#### [Data for processing]
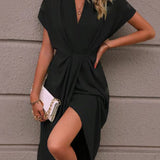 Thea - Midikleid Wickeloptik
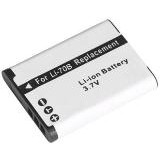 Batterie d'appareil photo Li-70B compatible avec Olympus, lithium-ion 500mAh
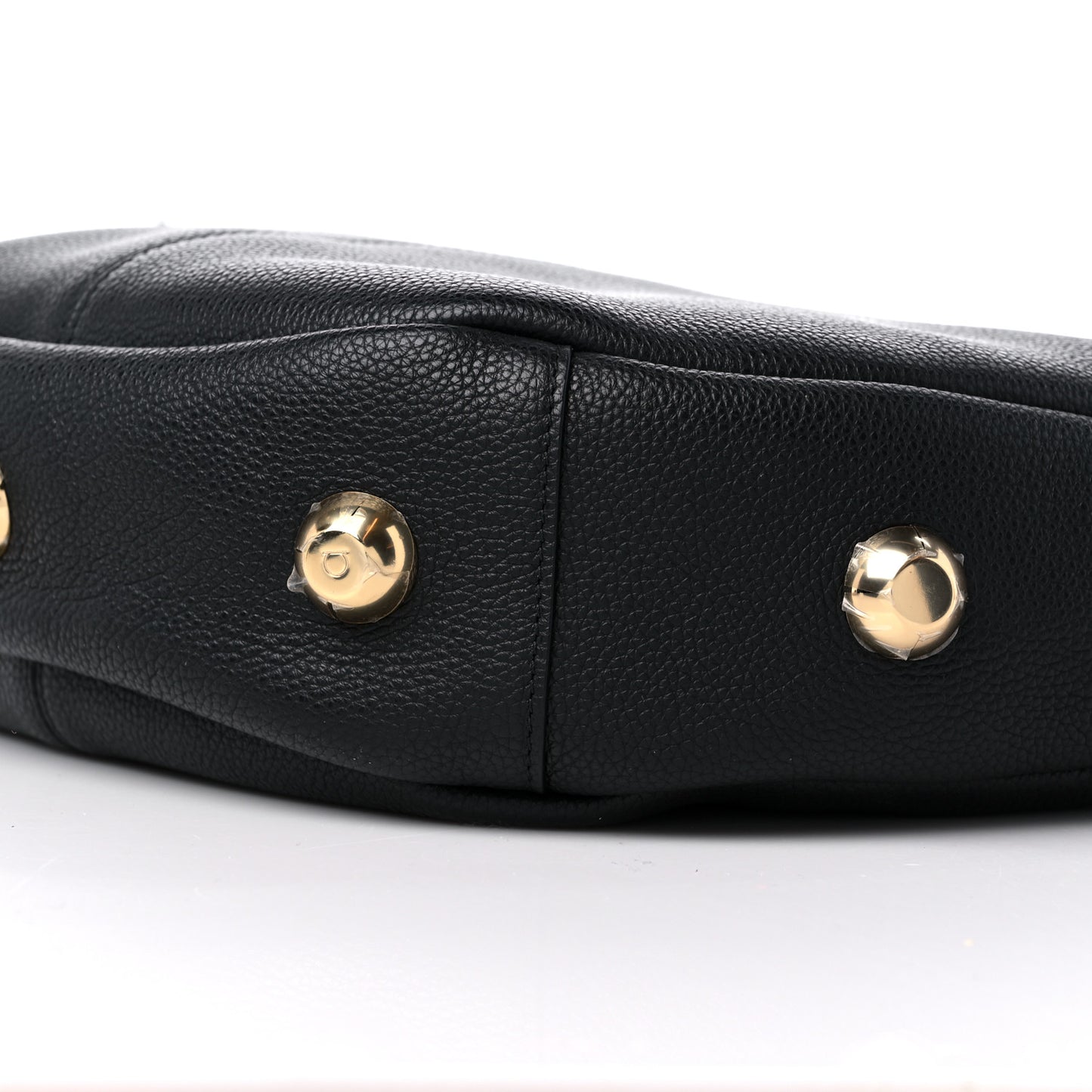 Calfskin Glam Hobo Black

* * *

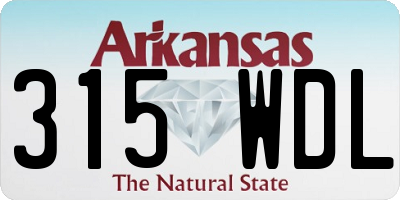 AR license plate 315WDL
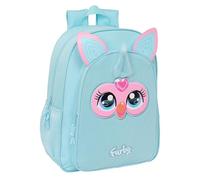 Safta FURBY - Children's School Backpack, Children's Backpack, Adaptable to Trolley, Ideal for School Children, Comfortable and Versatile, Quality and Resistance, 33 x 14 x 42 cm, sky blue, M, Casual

...

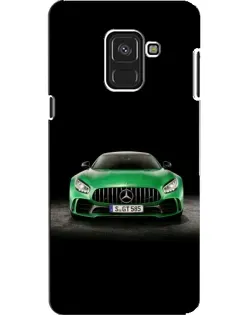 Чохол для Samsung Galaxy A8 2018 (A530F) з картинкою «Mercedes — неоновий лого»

#### [The problem]
Using the records above, return word for word the lines that begin at the one containing "AR license plate 315WDL" and end at the one containing "Safta FURBY - Children's", both of them included and no pictures.

#### [Finished task]
 AR license plate 315WDL
 Safta FURBY - Children's School Backpack, Children's Backpack, Adaptable to Trolley, Ideal for School Children, Comfortable and Versatile, Quality and Resistance, 33 x 14 x 42 cm, sky blue, M, Casual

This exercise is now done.